Milošević et Karadžić ont également parlé de la Bosnie-Herzégovine et des Bosniaques en ces termes. Des mots qui ont ensuite été transformés en crimes, les pires en Europe depuis la Seconde guerre mondiale. J'espère que les crimes de l'armée russe n’excéderont jamais les crimes commis dans mon propre pays. 

Le massacre découvert dans la petite ville de Boutcha, près de Kiev, n’aura l’air de rien comparé aux horreurs qui se produiront si la guerre continue avec la même intensité. Nous ne connaissons pas encore l'ampleur des crimes à Marioupol. L'Ukraine est dans un état de choc sévère, car le pays a été attaqué pendant que les gens dormaient. La nuit avant l'attaque, les habitants de Kiev vivaient en paix. Les rues étaient pleines de monde, les cafés bondés.

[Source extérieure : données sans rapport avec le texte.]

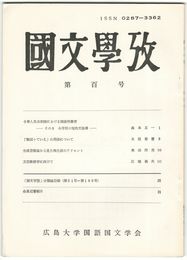 国文学攷１００号記念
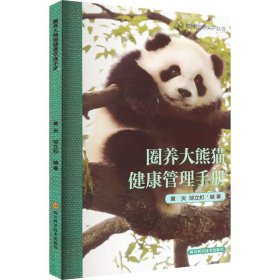 圈养大熊猫健康管理手册/物种资源保护丛书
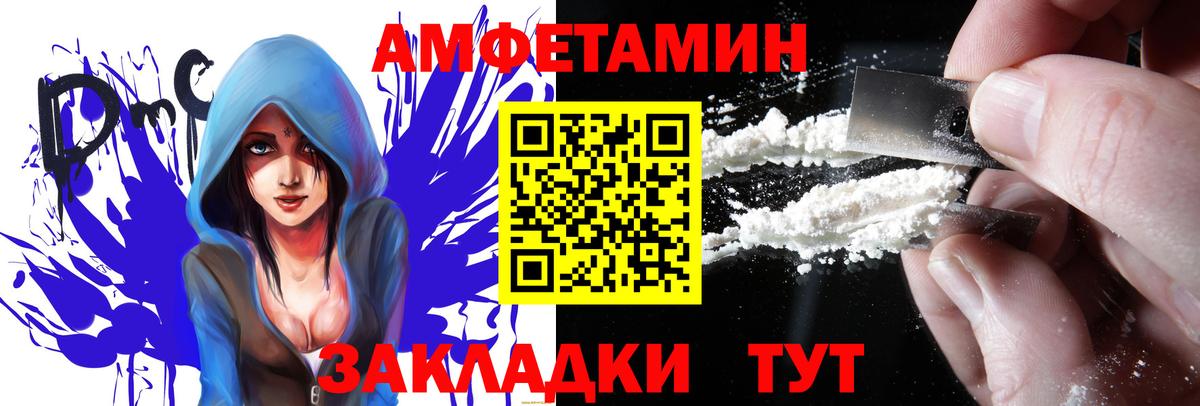 Зеленодольск  Amphetamine Premium  Вход с VPN 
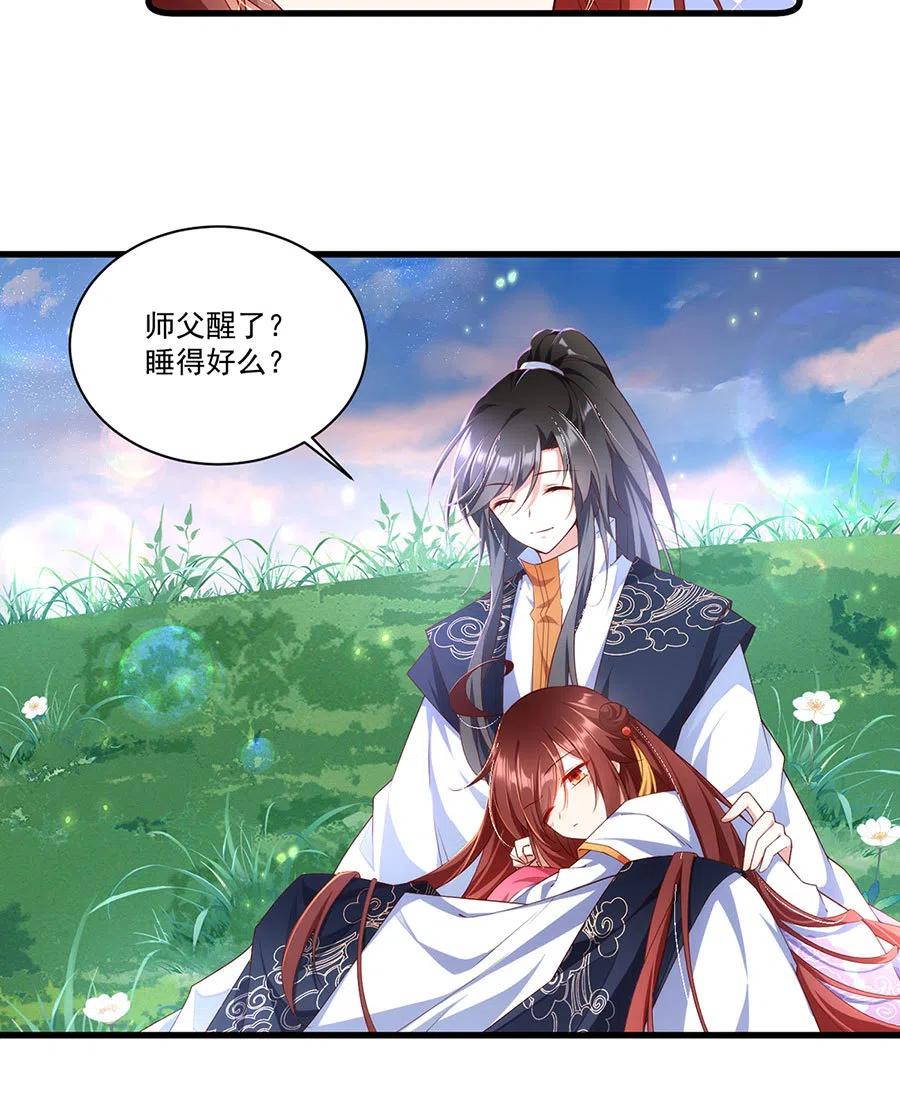 萌师在上韩漫全集-300.偷亲师父的徒弟被发现了无删减无遮挡章节图片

Quand quelqu'un vous attaque par surprise, vous êtes dans un état d’ébétement et vous ne comprenez pas ce qui vous arrive. Nous découvrirons les véritables horreurs et crimes de l'agression russe contre l'Ukraine une fois la guerre terminée. Le plus important désormais est de casser la machine de guerre russe. La force est le seul langage que le dictateur comprenne. Le moindre signe d’apaisement renforce au contraire son pouvoir. Les Européens doivent quitter leur zone de confort, car c’est le sacrifice qu’ils doivent faire alors que les soldats ukrainiens meurent chaque jour pour maintenir la paix et  la prospérité dans les autres pays de l’Union européenne. Si l’Ukraine est vaincue, la paix dont nous profitons aujourd’hui disparaîtra.

Les villes ukrainiennes seront reconstruites depuis la poussière et les cendres. Le pays entier se relèvera. Mais pas les morts. Ces blessures ne guérissent jamais vraiment, mais vous pouvez vivre avec – et il le faut. La perte vous marque à vie et ne vous quitte jamais. Je crois en la persévérance et au courage des soldats et des citoyens ukrainiens, tout comme j’ai cru en nous jadis. Je crois en la victoire de la vie sur la mort. Le corps humain est fragile. La vie, elle, est indestructible.